===== Collected material =====

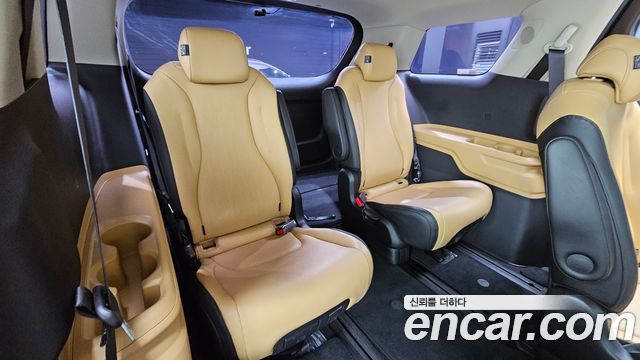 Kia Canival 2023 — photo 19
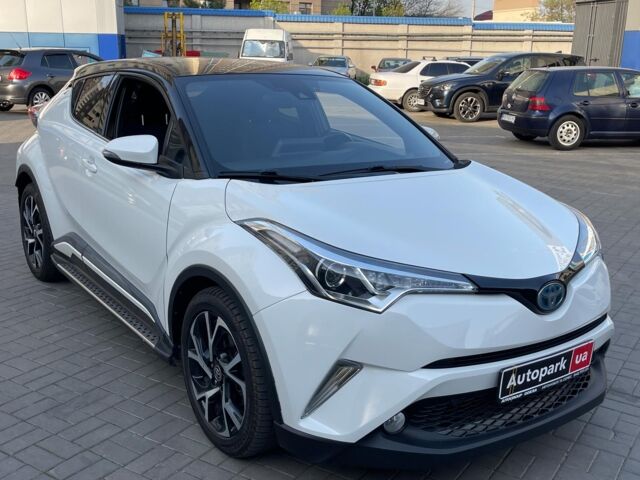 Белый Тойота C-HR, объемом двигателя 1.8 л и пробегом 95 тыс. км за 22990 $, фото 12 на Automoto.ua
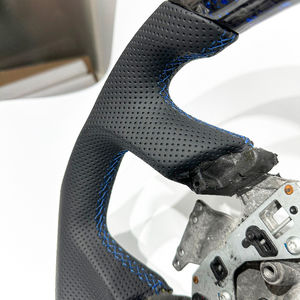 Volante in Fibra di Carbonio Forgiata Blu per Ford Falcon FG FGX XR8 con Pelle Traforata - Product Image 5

=====

• **Aim of the task**:
Pictures are not part of the copy. Please reproduce the material word for word.

• **Response to the exercise**:
 Kia Canival 2023 — photo 19
 Белый Тойота C-HR, объемом двигателя 1.8 л и пробегом 95 тыс. км за 22990 $, фото 12 на Automoto.ua
 Volante in Fibra di Carbonio Forgiata Blu per Ford Falcon FG FGX XR8 con Pelle Traforata - Product Image 5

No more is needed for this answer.